LC: So why didn't you do that?
Me: Because I didn't want to go to school for another 12 years after college.
LC (after a slight pause): Didn't you have a back-up plan?
Me (amazed by his logic): No.
LC (amazed by his mother's lack of foresight): I've got a back-up plan.
Me (curious of what a nine year old's back up plan is): Really? What is it?
LC (matter of factly): Well, if I don't become a zookeeper, then I'm going to be a baseball player. If that doesn't work out, then I'll play in the NFL, and if that doesn't work, then I'll be a professional hockey player.
Me: Wow, that's a good plan.
LC: Yes, I think so.

There you go. All the stress in my life is because I didn't have a back up plan. So, when I picked out the next pair of socks to knit with the Regia Kaffe Fassett yarn Italian gifted me, I not only picked out a back-up pattern, but I also picked out a back-up yarn, and boy, am I glad I did!

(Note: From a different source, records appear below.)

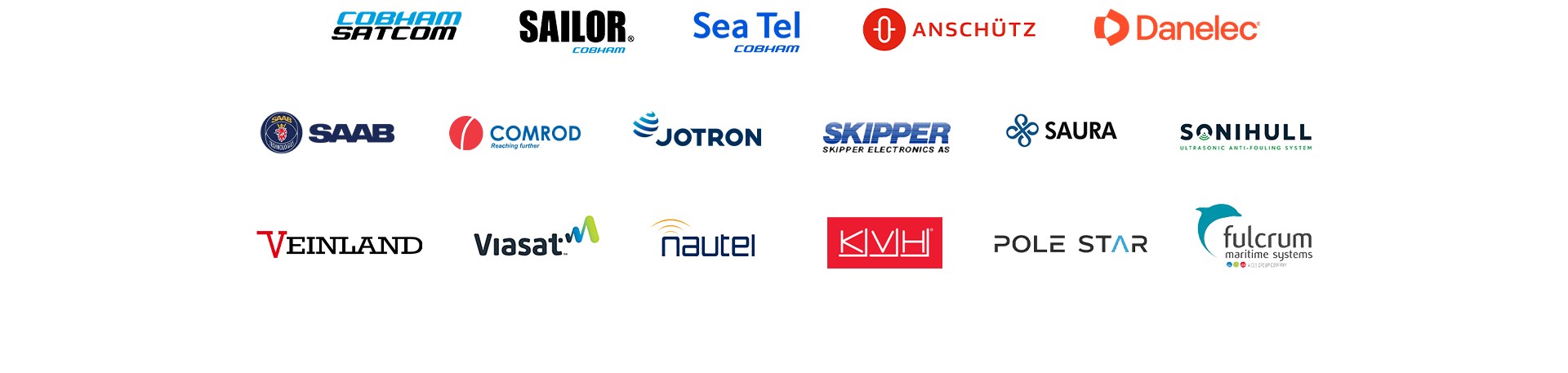 Marcas Representadas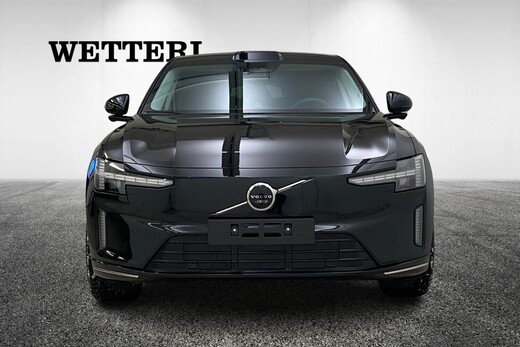 Volvo ES90 vaihtoauto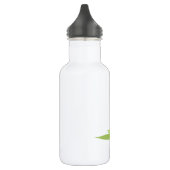 Panda Beer Waterfles (Links)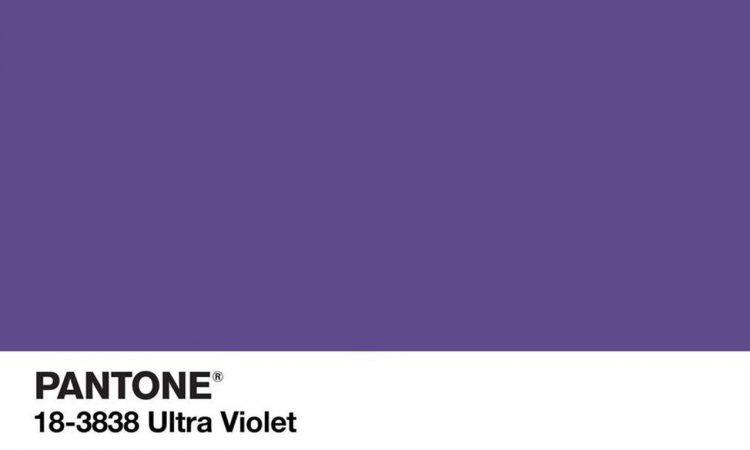 U wie Ultra Violet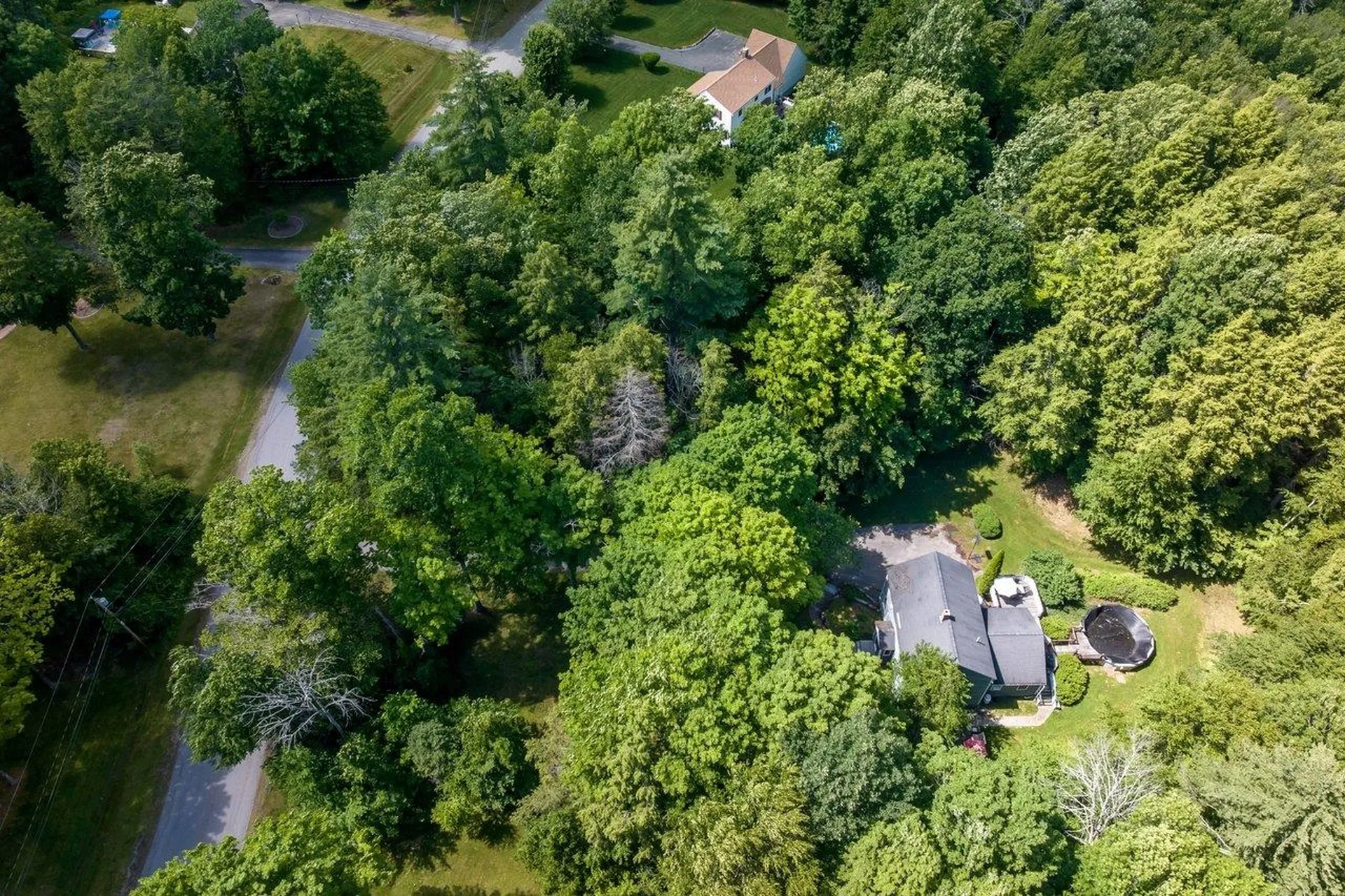 3 Partridge Lane East Kingston NH 03827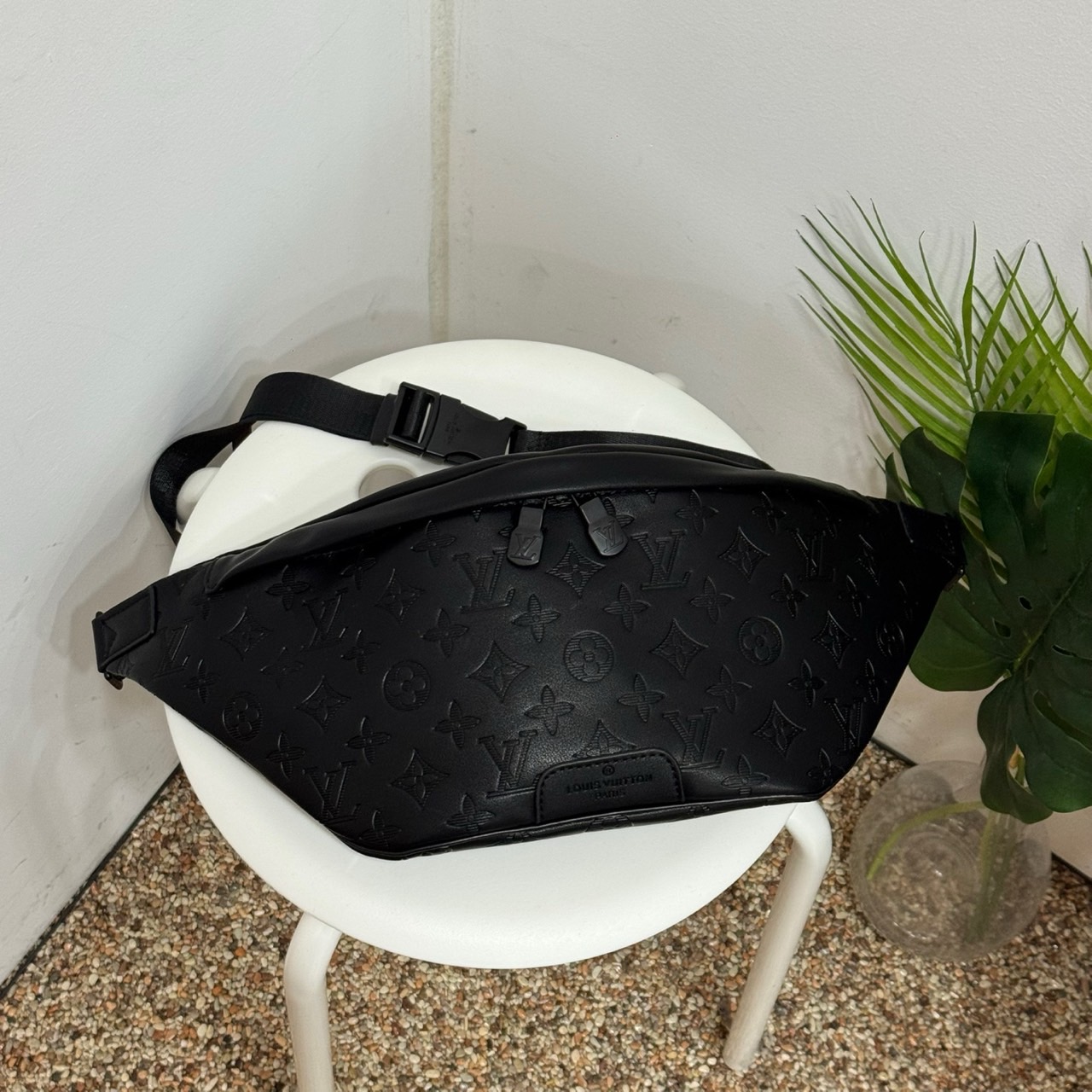 🤴🏻 #루 (L.V)  디스커버리 범백 🤴🏻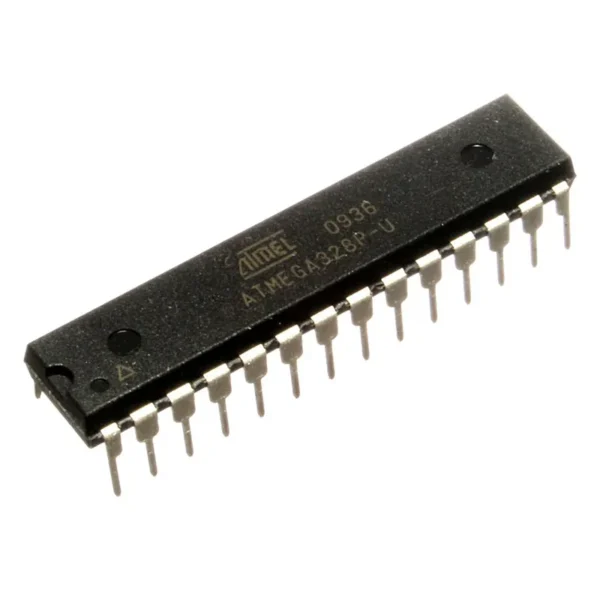 ATmega328P-U PDIP-28 Microcontroller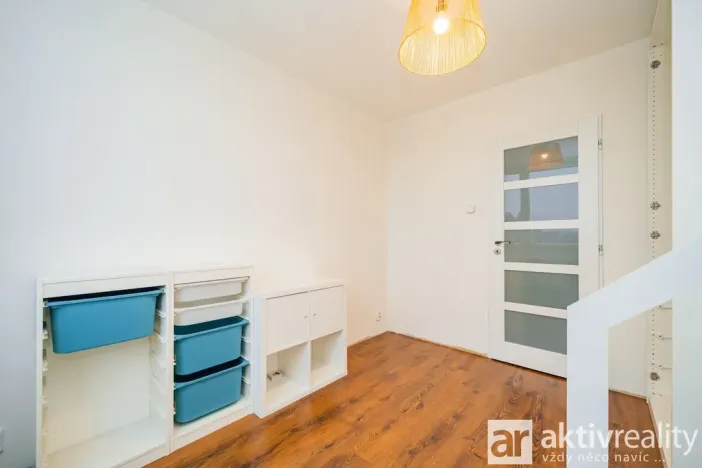 Pronájem bytu 3+1, Neratovice, Za Jednotou, 75 m2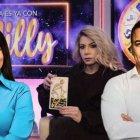 Luisa González y Daniel Noboa disputarán la segunda vuelta presidencial el próximo 13 de abril.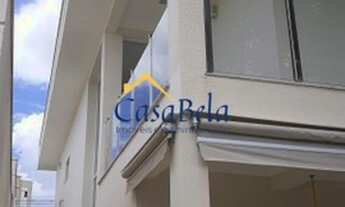 Imagem 4: Casa - Parque Jatobá (Nova Veneza) - Sumaré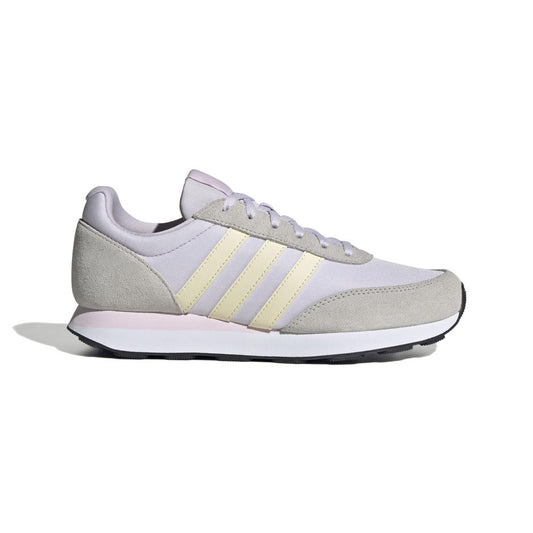 JI4987 TENIS ADIDAS SPORTSWEAR MUJER LILA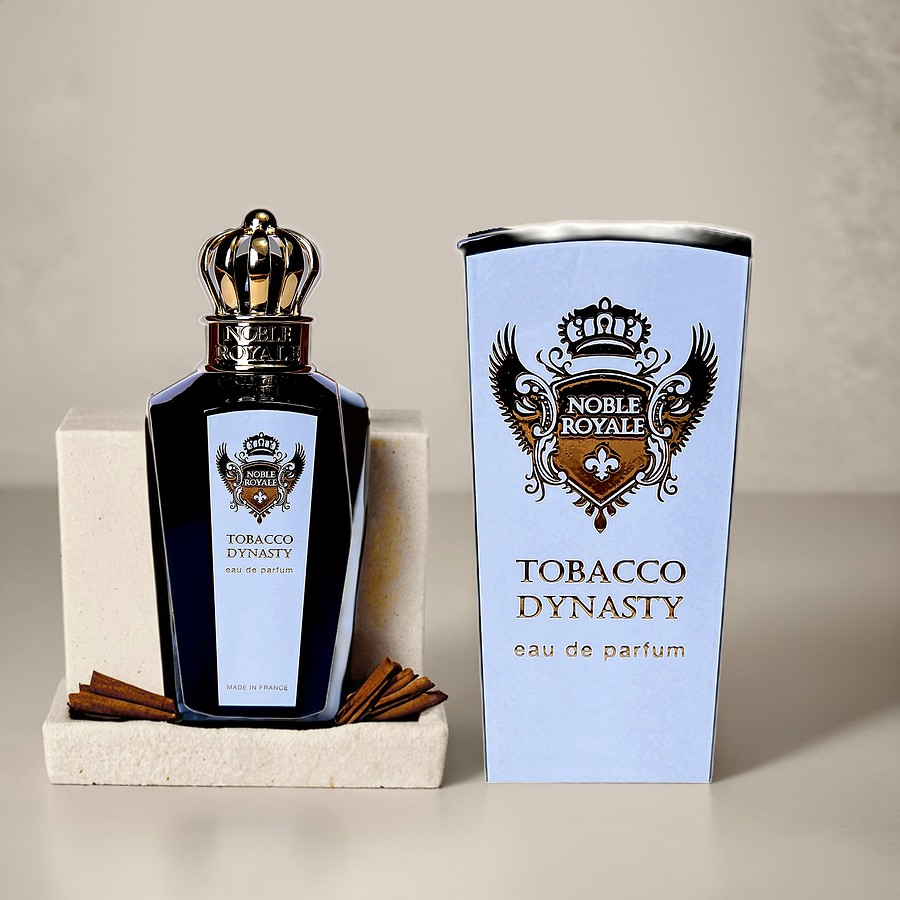 Noble Royale Tobacco Dynasty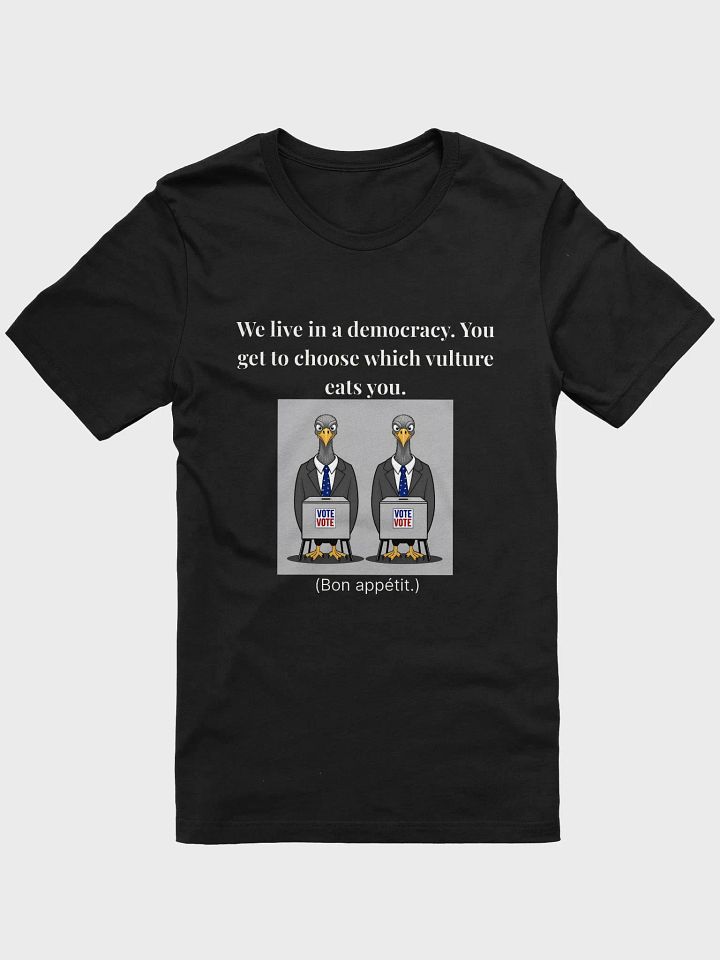 Pick Your Vulture product image (1)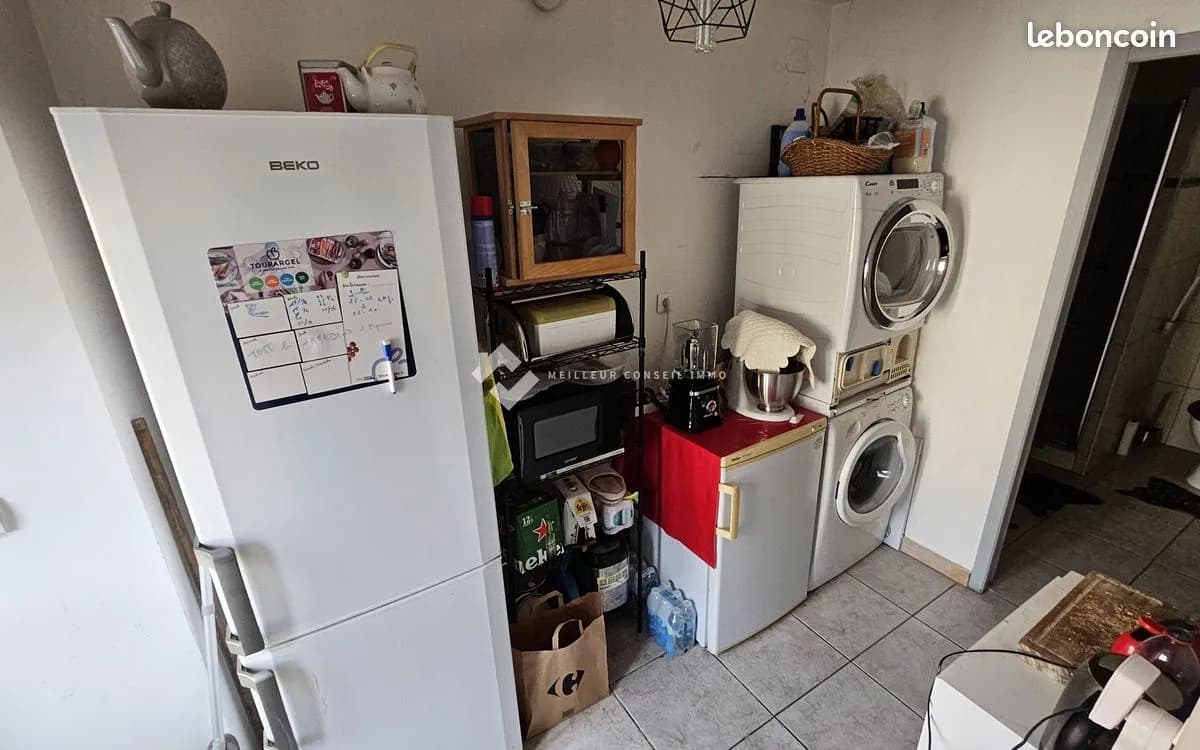 Immeuble 572 m² - Photo 1
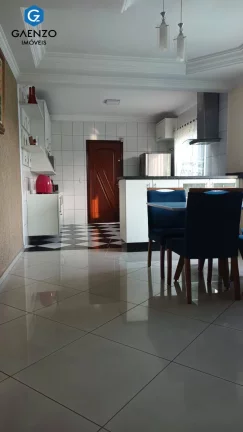 Imagem Sobrado Bela Vista Osasco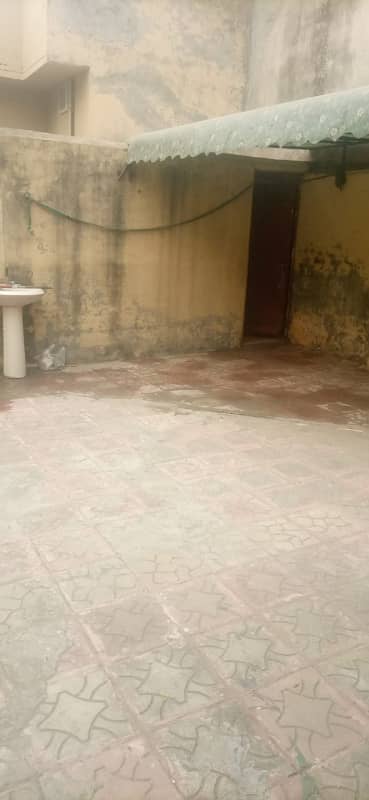 Mamdot block mustafa town 10 marla uper portion for rent in prime location 2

I started off knitting the Regia in the column stitch which uses the knit below technique. After knitting three inches of sock, I realized it was too big. I frogged, reduced the number of stitches I casted on, and tried again. While knitting again, I kept eyeing the sock. The sucker just looked big. I tried it on, and it was huge. Then I actually looked at the sock. The knit one below (K1B) technique results in a very different gauge than stockinette. My normal gauge is 9 stitches to the inch with fingering weight yarn. When I measured this sock, I got 6 stitches to the inch. The K1B stitch makes the stitch much wider than the plain knit counterpart.
From WIPs

I frogged again, put the Regia aside, and pulled out some three year old Koigu. This time, I cast on for the Show off stranded pattern and haven't looked back - sorta. I did have to frog this one too after completing the leg. It was also too big. I reduced the number of stitches, again, and finally found the right fit.